GOAL OF THE EXERCISE> The whole listing is to be given again without alteration, except that its pictures are dropped.

INFORMATION PROVIDED>

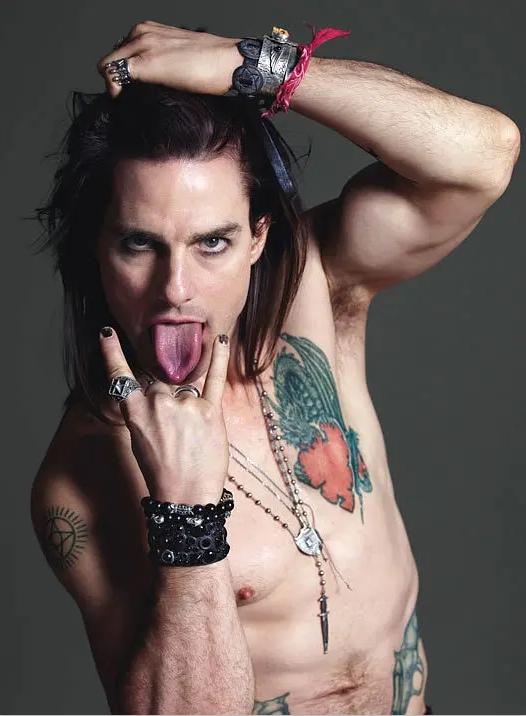 汤姆克鲁斯年轻时的表演,汤姆克鲁斯穿牛仔裤白t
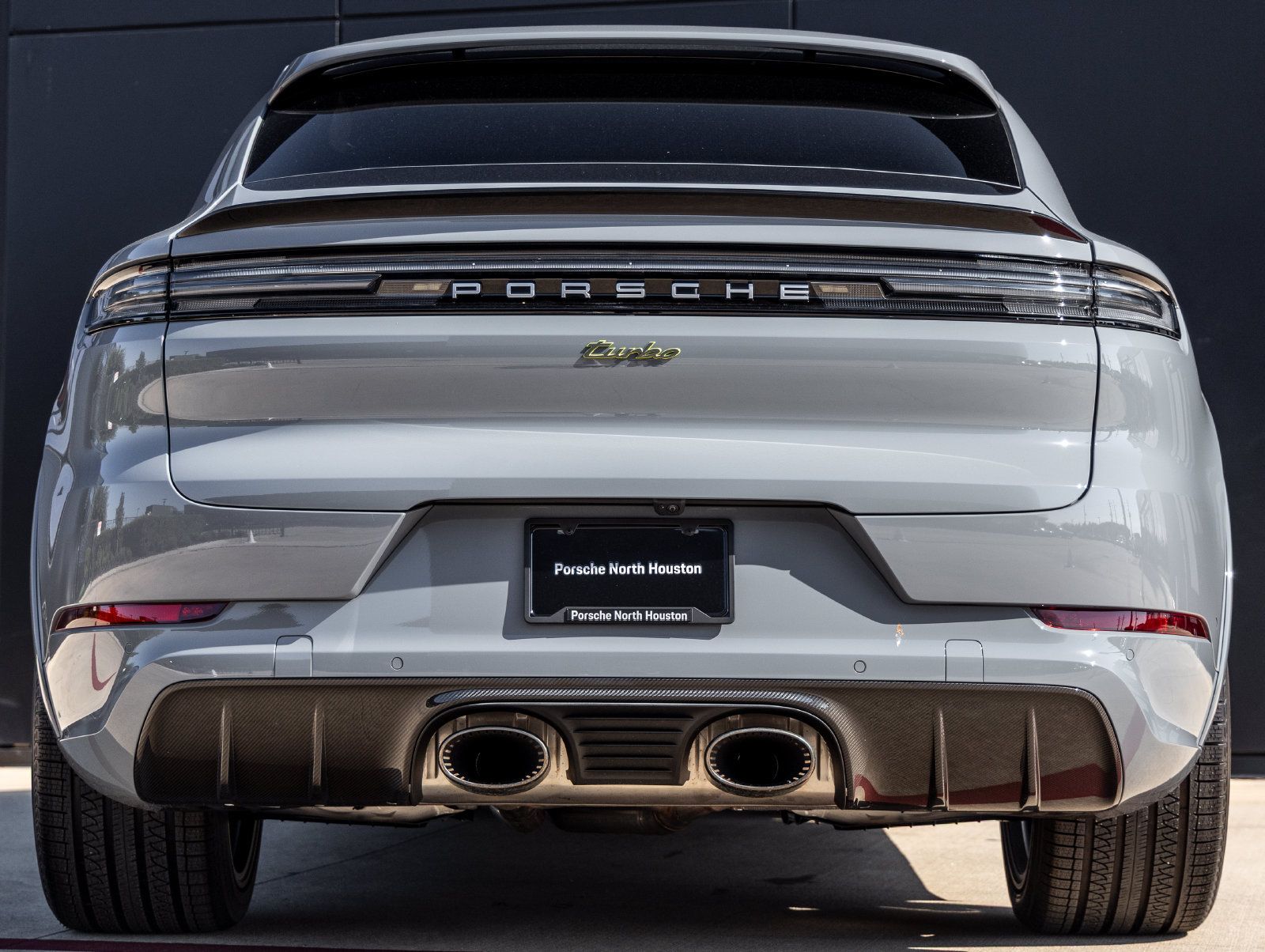 Certified 2025 Porsche Cayenne Turbo AWD/4WD image 10
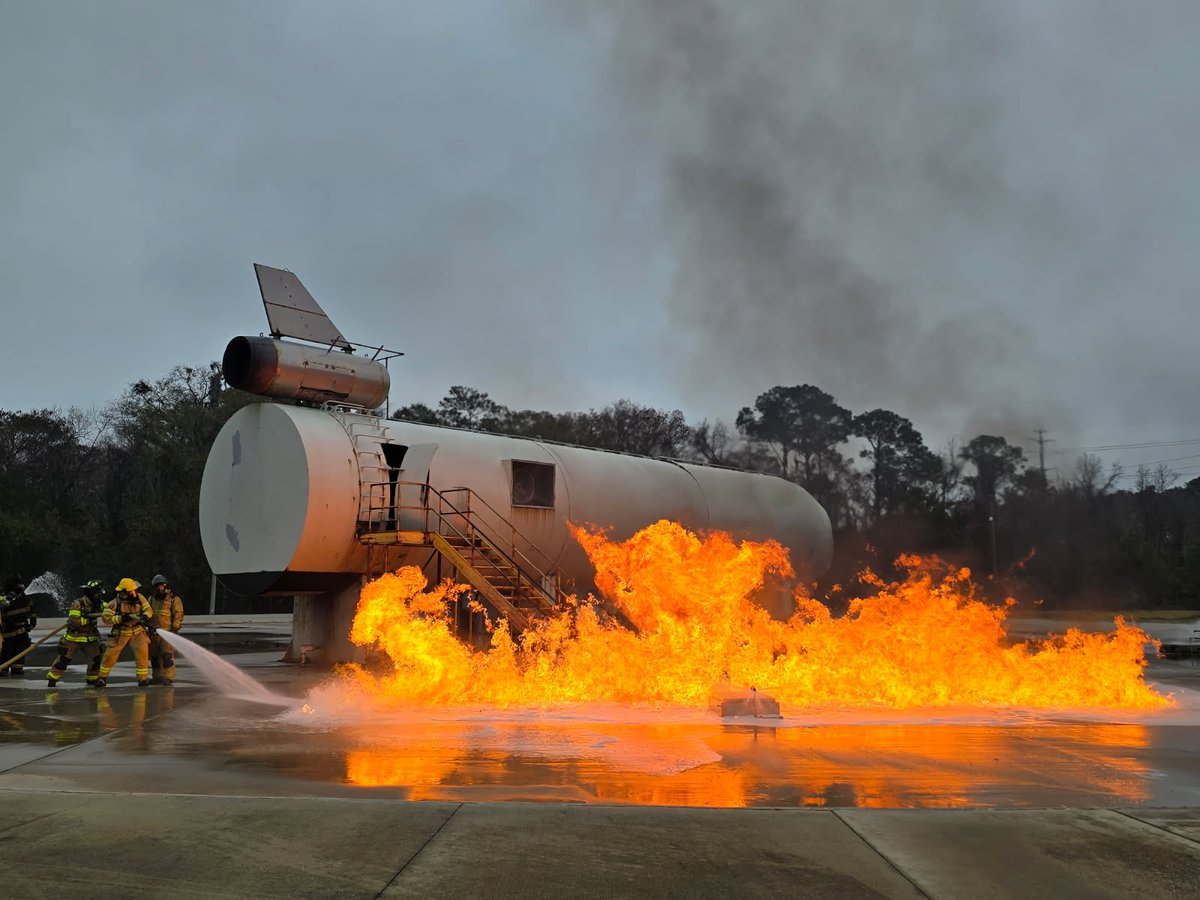 StLucieFire tweet media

RESPONSE AREA>
 汤姆克鲁斯年轻时的表演,汤姆克鲁斯穿牛仔裤白t
 Certified 2025 Porsche Cayenne Turbo AWD/4WD image 10
 StLucieFire tweet media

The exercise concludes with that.